VAT fraudster fails to pay back £3.2 million
PUBLISHED: 16:23 12 August 2009 | UPDATED: 09:40 12 August 2010
A FRAUDSTER involved in a £12 million VAT scam has not repaid a penny of the £3.2 million he was ordered to. Raymond May, 53, from
A FRAUDSTER involved in a £12 million VAT scam has not repaid a penny of the £3.2 million he was ordered to.
Raymond May, 53, from Chislehurst, was supposed to pay back the money within three years of a 2003 court order after he was convicted for his part in a racket in 2002.
May, who owns a £2.5 million house in Bromley but claims to be a gardener and odd-jobs man, was handed a five-year sentence for his part in a swindle which involved selling high-value computer chips to companies.
He has persistently appealed against the order to recover the proceeds of his crime, made by government agency the Revenue and Customs Prosecutions Office (RCPO).
His final appeal was dismissed by the House of Lords on June 2 last year. It has been reported that £155,000 has been repaid but only by a third party.
The RCPO claimed the delay in recouping the money was caused by third party claims to some of the assets it wanted to seize.
An RCPO spokesperson said: "The involvement of these third parties greatly complicated the application and forced a trial. That trial could not take place until May 2009.

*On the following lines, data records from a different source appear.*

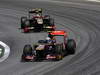 GP BRASILE, 27.11.2011- Gara, Jaime Alguersuari (SPA), Scuderia Toro Rosso, STR6 davanti a Vitaly Petrov (RUS), Lotus Renault GP, R31 
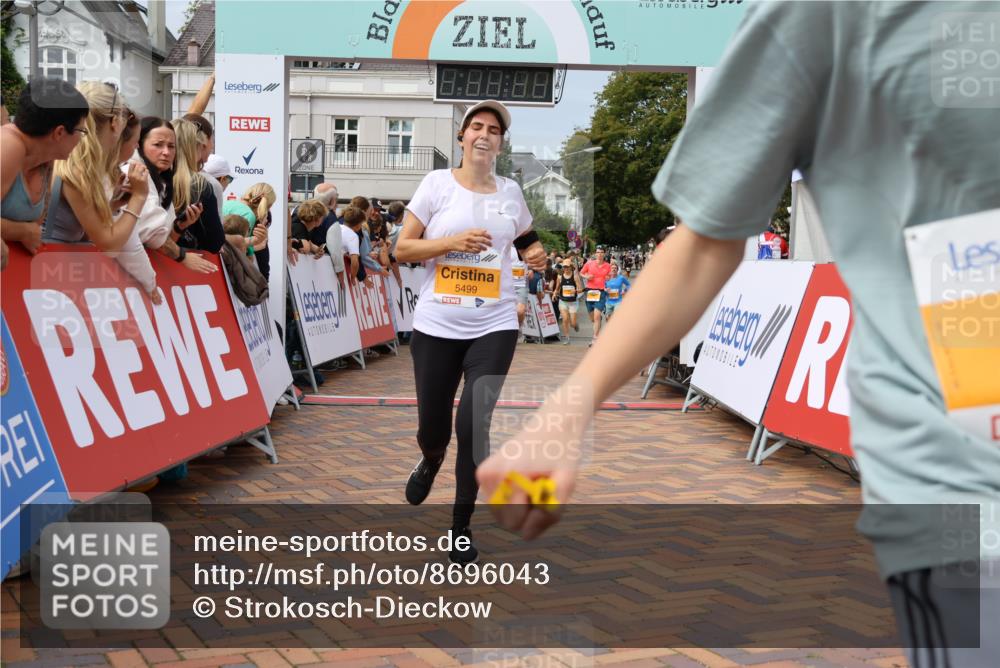 31.08.2025 - 21. Blankeneser Heldenlauf Strokosch-Dieckow http://msf.ph/oto/8696043 31.08.2025 12:28:41 Ziel 5468, 5352, 5292, 5794, 5823, 5189, 5499 meine-sportfotos.de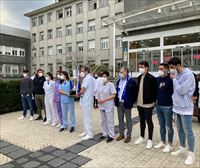 La Real Sociedad ofrenda la Copa del Rey a los sanitarios en el Hospital Donostia
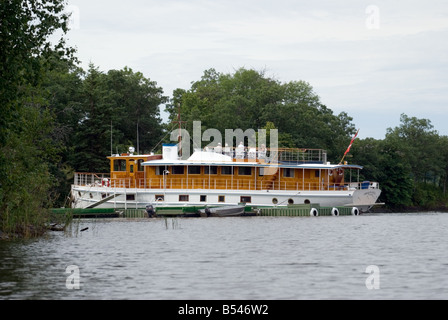 Il lago dei boschi di yacht di lusso grazia Anne II Foto Stock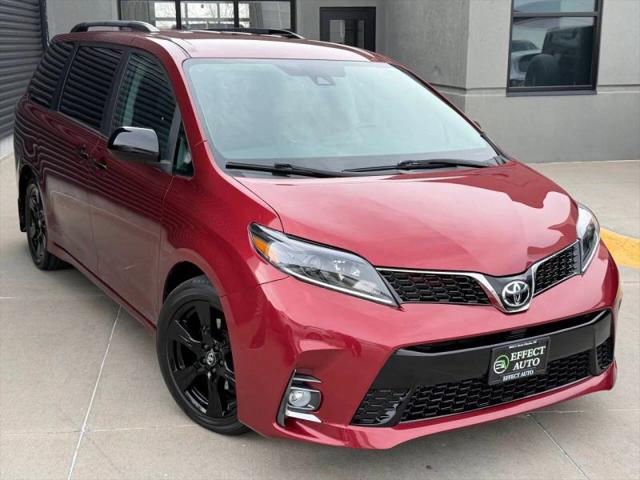 2020 Toyota Sienna SE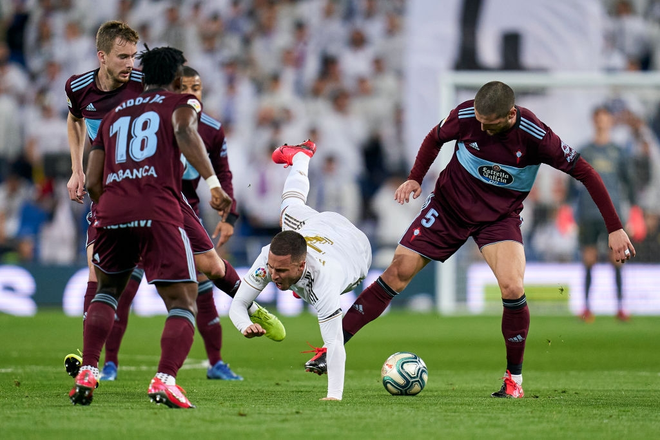 Bản hợp đồng bom tấn thế chỗ Ronaldo trở lại, Real Madrid vẫn mất điểm cay đắng và bị đại kình địch Barcelona áp sát - Ảnh 2.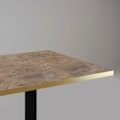 Miniatyrbillede 3 af 4: Bord 70 x 70 cm - Milano model græsk marmor med messingkanter kastanj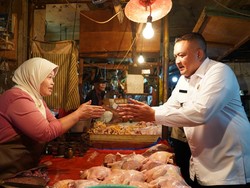 Bupati Rudy Pastikan Harga Bapok di Bogor Stabil Jelang Lebaran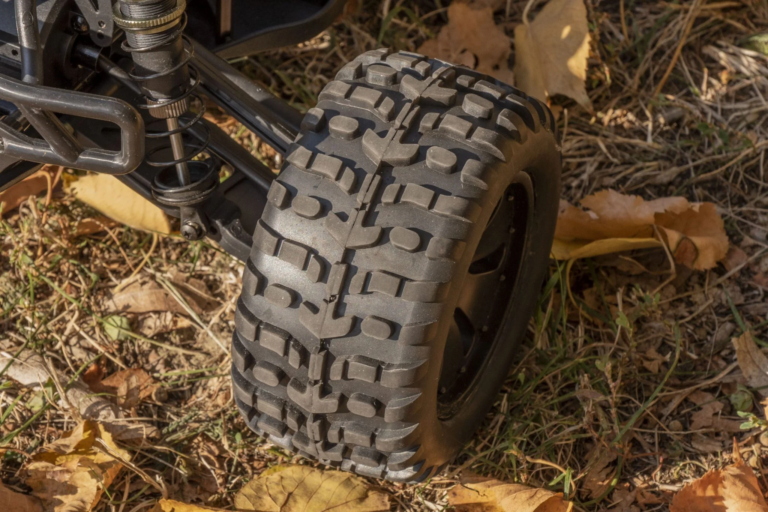 Test de voiture télécommandée ZD Racing Thunder ZMT-10 5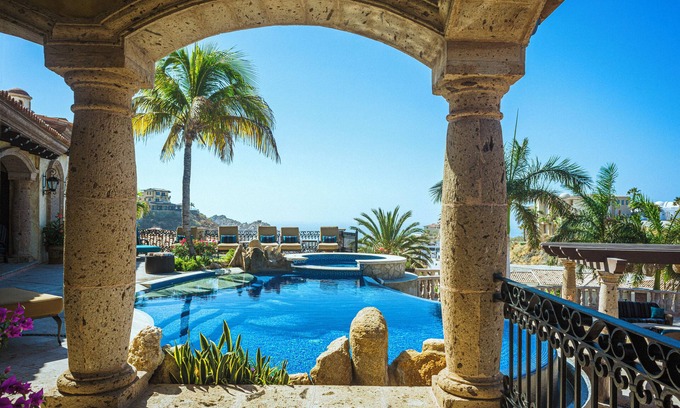 Pedregal House | Villa Maria, days begin with ocean breezes and end with candlelight and calm!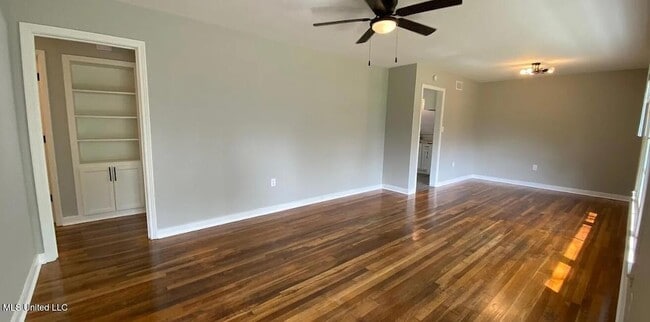 Photo - 160 Wildwood Cir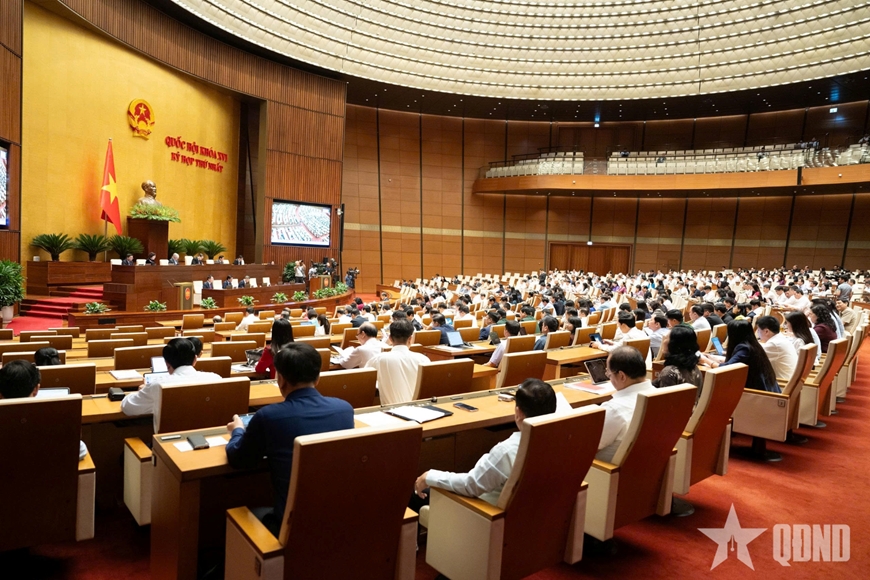 Đại biểu Quốc hội đề xuất nâng lương cơ sở lên 2,65-2,7 triệu đồng/tháng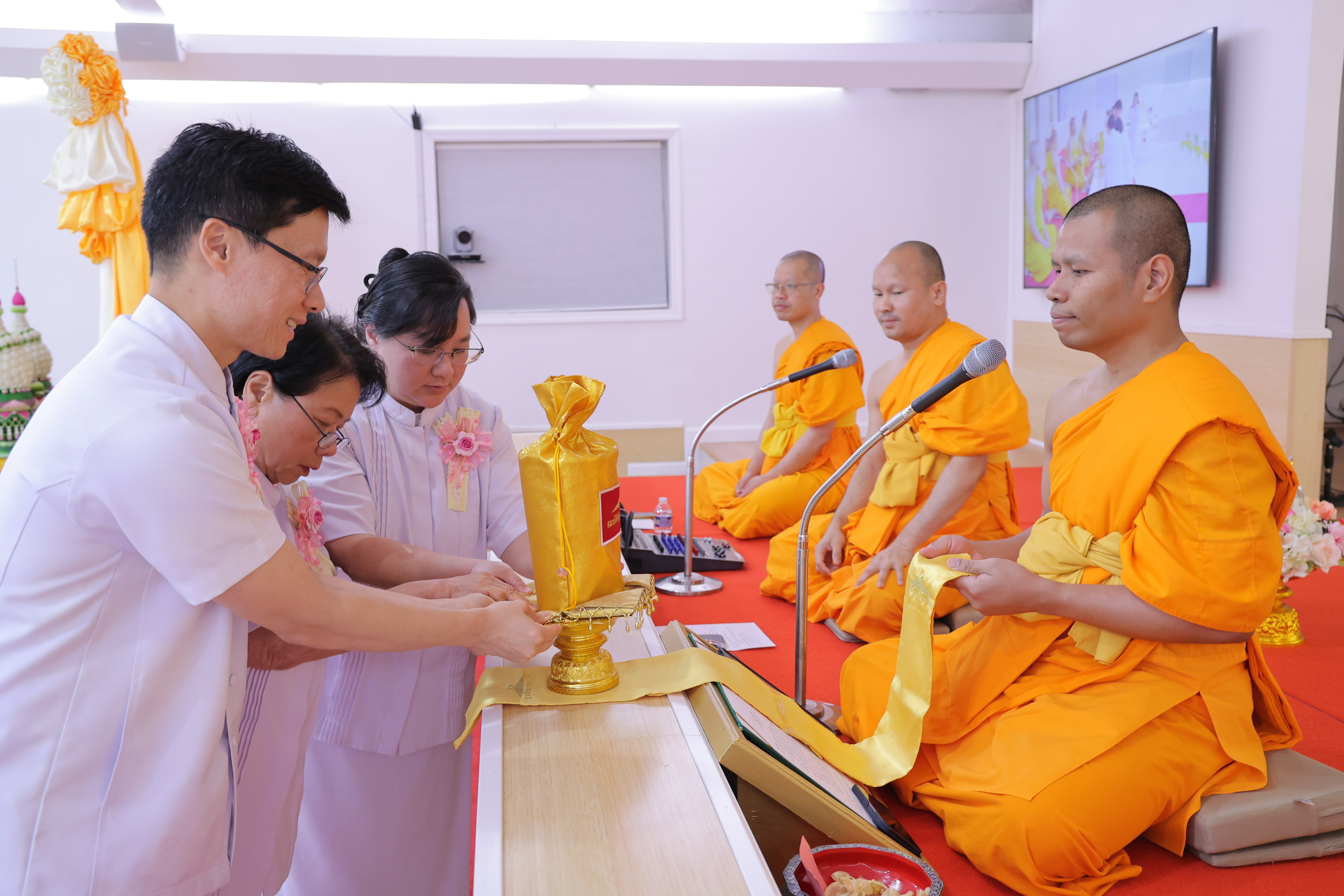 วัดพระธรรมกายจอร์เจีย จัดงานบุญบูชาข้าวพระ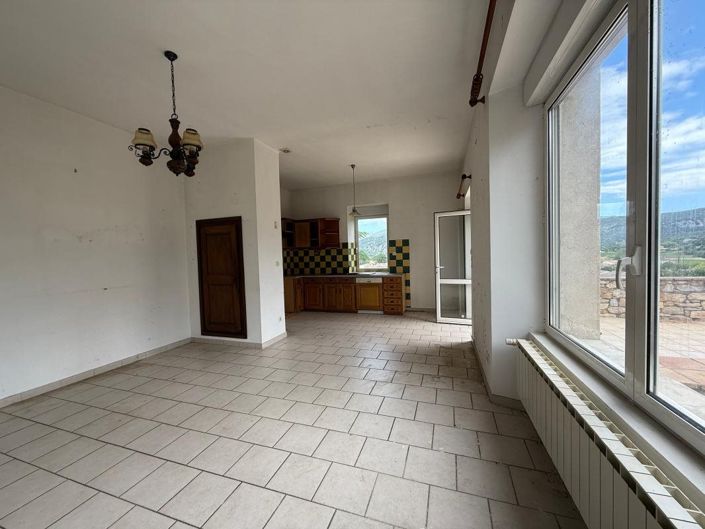 Image No.12-5 Bed House for sale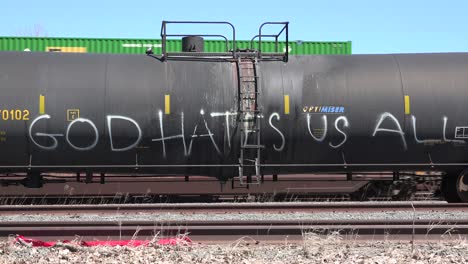 Graffiti-Ateo-En-Un-Vagón-Tanque-De-Aceite-Dice-Que-Dios-Nos-Odia-A-Todos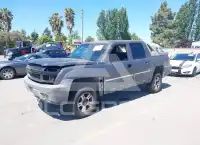 2003 Chevrolet Avalanche photo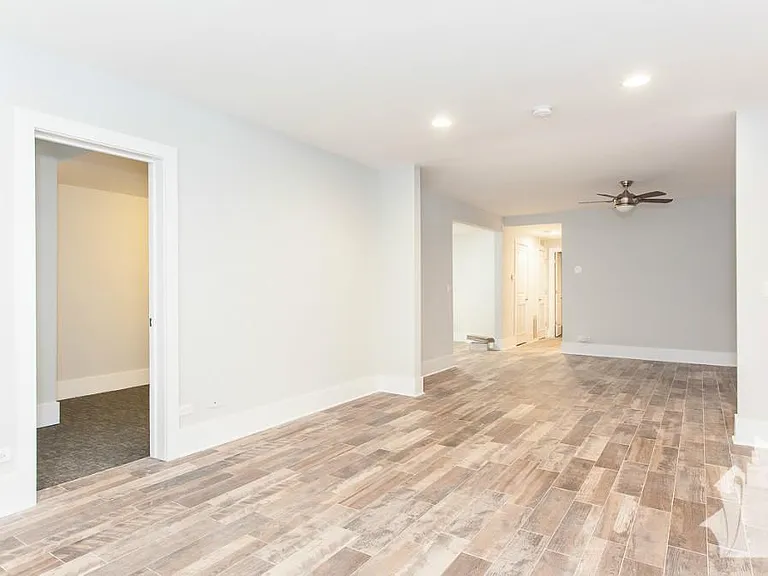 2922 W Logan Blvd #G — Photo 7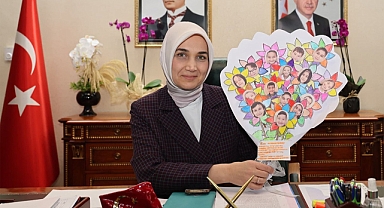 Öğrencilerden Vali Yiğitbaşı'na Duygulandıran Hediye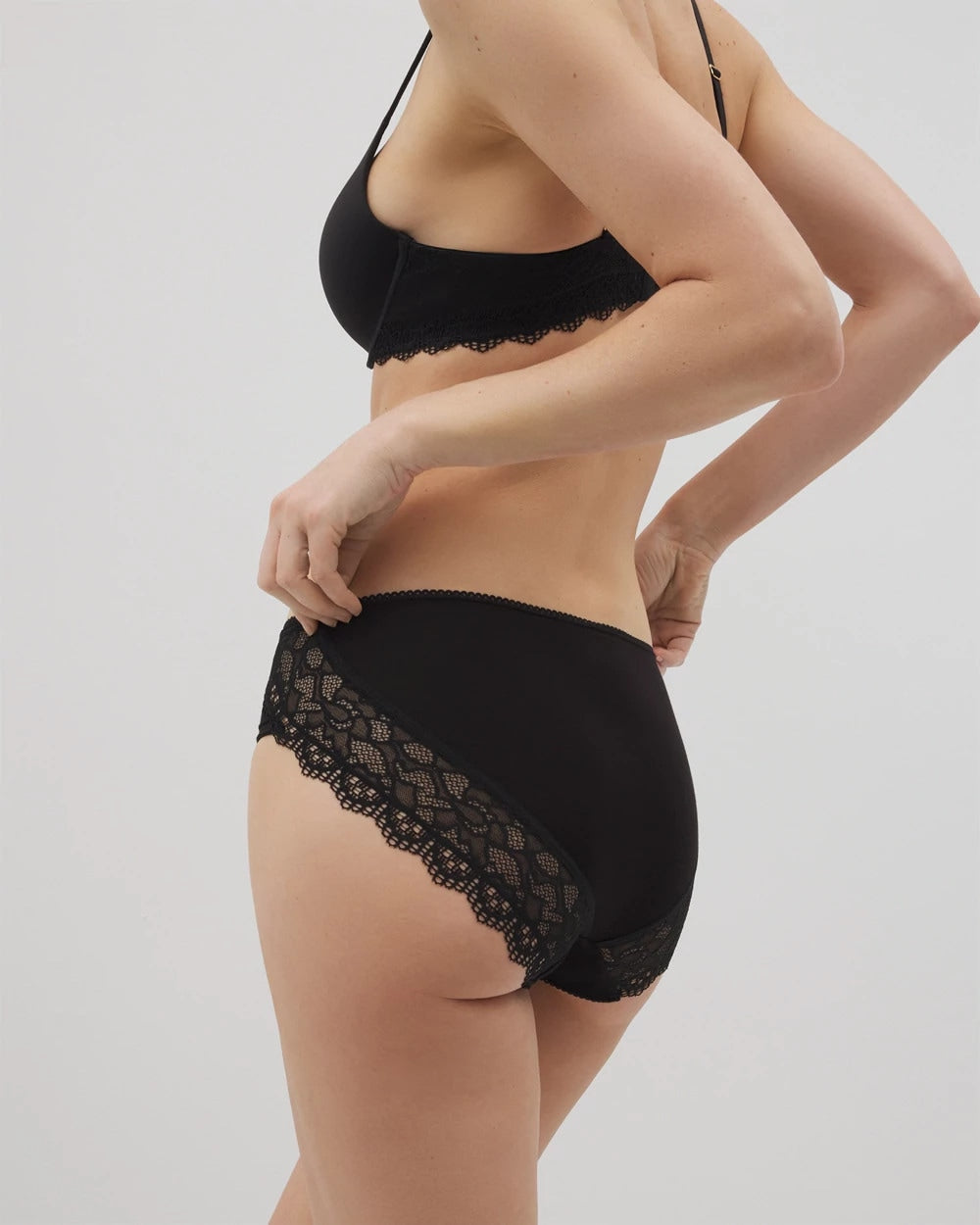 Soma Lace Hipster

"We were able to settle one claim before the trial started. We settled two more at the start of the trial, and we successfully defeated the fourth. But judgment was not handed down until 22 July 2009."
May was told when he was sentenced that he would receive a further five years in jail if he defaulted on paying what he owed.
The RCPO spokesperson added: "We are asking the magistrates court to activate his default sentence and a hearing has been fixed for September 29. We took this action as soon as it became open to us.
"At no stage have we done anything other than act swiftly to preserve Mr May's assets and then to enforce payment of the order."
But May's original prosecuting lawyer criticised the length of time it has taken to recoup any money.
Oliver Sells QC told reporters: "It is a signal failure that so little has yet been recovered from a confiscation order which has been upheld by the Court of Appeal and the House of Lords.
"It is obviously in the public interest that orders should be enforced in good time.
"Failure to do so will risk conveying to convicted criminals the message that protracted delay will diminish the prospect of recovery.
"That in turn may weaken the effectiveness of the law in other cases.